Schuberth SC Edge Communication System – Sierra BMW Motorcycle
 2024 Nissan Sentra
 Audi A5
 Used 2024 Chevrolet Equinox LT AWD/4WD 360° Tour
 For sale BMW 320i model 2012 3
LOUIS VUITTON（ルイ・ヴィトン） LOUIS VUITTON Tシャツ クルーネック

**********

__YOUR OBJECTIVE__. Take the line with "For sale BMW 320i model 2012 3" and all lines after it through the end of the records, and write them out exactly; include nothing else.

__RESPONSE TO THE TASK__.
 For sale BMW 320i model 2012 3
LOUIS VUITTON（ルイ・ヴィトン） LOUIS VUITTON Tシャツ クルーネック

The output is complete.